KB Log File Size for
Aggregation / Message Count




The effect
of the batch size on the sequential convoy orchestration can clearly be seen in
the above graph. As the batch size increases, the messaging-database aggregator
offers significantly better performance.

 

 

KB Log File Size per Message
/ Message Count




As the
batch size increases, the messaging-database aggregator becomes slightly more
efficient, producing less log file activity per message. With the orchestration
based aggregator, continues persistence of the increasing aggregation state
makes the pattern less efficient.

 

Why is the Message Box
Database Log File Size so Important?

The log
files created when performing a transaction log backup on the message box
database are an indication of the load that has been placed on the database
since the last transaction log backup. As a BizTalk server installation is
scaled up, and out, the load on the message box database is often a bottleneck.
Adding another SQL cluster to handle increased message box activity is costly.
It’s much better to design a solution that uses the message box in an efficient
way if there it is anticipated there will be a high load on the system.

 

Conclusions

From the
results it can be seen that the messaging-database aggregator provides a 90%
reduction in message box database load compared with the sequential convoy
aggregator in this scenario. If the message count were to increase, this design
could perform 20 or ever 100 times better than the orchestration based design,
in a production system, this could result in significant cost reductions. Your
database administrator would also appreciate the difference in log file sizes
used for the backups :-p.

 

I tried to
keep the tests as scientific as possible, and had planned to include execution
times in the results as well. Unfortunately, Virtual PC is not a great platform
for performance testing, and does not seem to give the speed that running on
bare metal would do, so I have not included those figures. The log file sizes
should provide an accurate indication of performance, (and I did remember to
add the log file sizes for the order aggregation database as well ;-).

 

I think the
option of using a messaging-database aggregator should be considered when
building an aggregator in BizTalk. Apart from the performance advantages, it
also provides the option to recover better from failure, as the messages are
present in a database, and the aggregation can be triggered manually.

 

There’s a
few improvements that could be made to the design, I’m not happy with creating
a database table that contains the fields in the schema, with a hierarchical
schema, this would involve multiple tables, and references. It would be much
better to save the XML content of the message in one column.

 

I’ve herd a
few people discussing the option of using a pure messaging based solution to
improve performance on high load systems, and it would be great to see more
examples of this.

 

To sum it up

 

  • Sequential Convoy Aggregators
    are fine for handling aggregations with a low number of messages.

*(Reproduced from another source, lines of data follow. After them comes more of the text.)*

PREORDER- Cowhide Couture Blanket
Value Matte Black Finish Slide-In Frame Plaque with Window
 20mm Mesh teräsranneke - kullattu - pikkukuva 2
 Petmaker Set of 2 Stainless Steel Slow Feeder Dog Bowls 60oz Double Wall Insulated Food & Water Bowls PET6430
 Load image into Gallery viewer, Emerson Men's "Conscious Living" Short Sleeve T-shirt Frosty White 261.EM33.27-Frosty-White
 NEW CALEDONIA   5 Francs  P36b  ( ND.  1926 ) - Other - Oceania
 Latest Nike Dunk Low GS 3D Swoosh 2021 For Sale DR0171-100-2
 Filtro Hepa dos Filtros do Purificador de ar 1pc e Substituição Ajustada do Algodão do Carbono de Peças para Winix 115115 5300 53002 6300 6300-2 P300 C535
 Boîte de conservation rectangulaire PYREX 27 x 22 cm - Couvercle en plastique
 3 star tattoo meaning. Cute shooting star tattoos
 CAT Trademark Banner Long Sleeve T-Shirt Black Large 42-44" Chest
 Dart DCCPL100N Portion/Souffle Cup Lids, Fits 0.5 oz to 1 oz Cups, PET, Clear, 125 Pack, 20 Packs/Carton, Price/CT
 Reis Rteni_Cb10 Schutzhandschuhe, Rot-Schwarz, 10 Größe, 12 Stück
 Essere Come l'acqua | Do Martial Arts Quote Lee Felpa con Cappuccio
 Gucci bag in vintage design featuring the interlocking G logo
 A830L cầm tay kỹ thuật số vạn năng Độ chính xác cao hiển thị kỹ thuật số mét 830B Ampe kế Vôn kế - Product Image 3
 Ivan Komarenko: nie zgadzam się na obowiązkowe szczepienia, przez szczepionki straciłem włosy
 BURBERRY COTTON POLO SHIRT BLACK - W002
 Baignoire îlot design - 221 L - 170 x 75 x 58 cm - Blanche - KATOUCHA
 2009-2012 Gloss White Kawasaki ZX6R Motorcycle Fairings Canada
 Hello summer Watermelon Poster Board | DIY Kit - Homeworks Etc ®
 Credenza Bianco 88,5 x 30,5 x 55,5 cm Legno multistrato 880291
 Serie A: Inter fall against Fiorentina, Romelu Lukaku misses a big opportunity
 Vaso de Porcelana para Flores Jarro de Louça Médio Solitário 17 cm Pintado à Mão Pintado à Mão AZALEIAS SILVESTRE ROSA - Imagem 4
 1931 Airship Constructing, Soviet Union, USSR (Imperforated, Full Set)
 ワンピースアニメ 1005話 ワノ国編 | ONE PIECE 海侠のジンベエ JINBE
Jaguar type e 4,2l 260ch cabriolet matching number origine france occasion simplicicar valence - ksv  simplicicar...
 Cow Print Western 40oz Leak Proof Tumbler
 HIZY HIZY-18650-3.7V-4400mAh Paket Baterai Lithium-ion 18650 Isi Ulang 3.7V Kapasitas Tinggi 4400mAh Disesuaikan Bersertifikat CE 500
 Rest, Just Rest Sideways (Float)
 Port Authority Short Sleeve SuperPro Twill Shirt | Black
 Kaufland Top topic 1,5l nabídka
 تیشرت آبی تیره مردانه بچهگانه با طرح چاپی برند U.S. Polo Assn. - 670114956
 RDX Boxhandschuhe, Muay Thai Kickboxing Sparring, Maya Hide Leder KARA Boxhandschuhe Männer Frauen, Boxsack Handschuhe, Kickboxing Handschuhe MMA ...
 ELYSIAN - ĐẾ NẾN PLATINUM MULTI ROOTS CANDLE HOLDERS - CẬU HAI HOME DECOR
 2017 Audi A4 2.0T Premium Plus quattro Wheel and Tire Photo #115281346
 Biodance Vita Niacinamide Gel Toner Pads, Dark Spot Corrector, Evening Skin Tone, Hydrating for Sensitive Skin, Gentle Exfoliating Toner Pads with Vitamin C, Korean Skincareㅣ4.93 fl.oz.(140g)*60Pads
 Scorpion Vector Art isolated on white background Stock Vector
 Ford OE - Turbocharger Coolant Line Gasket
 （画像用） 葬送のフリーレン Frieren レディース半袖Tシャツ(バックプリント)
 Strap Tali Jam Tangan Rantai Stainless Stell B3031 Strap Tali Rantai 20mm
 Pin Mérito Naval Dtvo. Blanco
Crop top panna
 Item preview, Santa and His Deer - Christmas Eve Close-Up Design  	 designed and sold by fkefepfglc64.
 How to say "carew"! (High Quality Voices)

  • Sequential Convoy Aggregators
    do not scale well with higher message traffic if the aggregation state is
    held within the orchestration.

  • Building a messaging-database
    aggregator provides a design that scales well with large numbers of messages.

  • It is also possible to retain
    the sequential convoy orchestration design, and use a database to store
    the aggregation state if the need arises.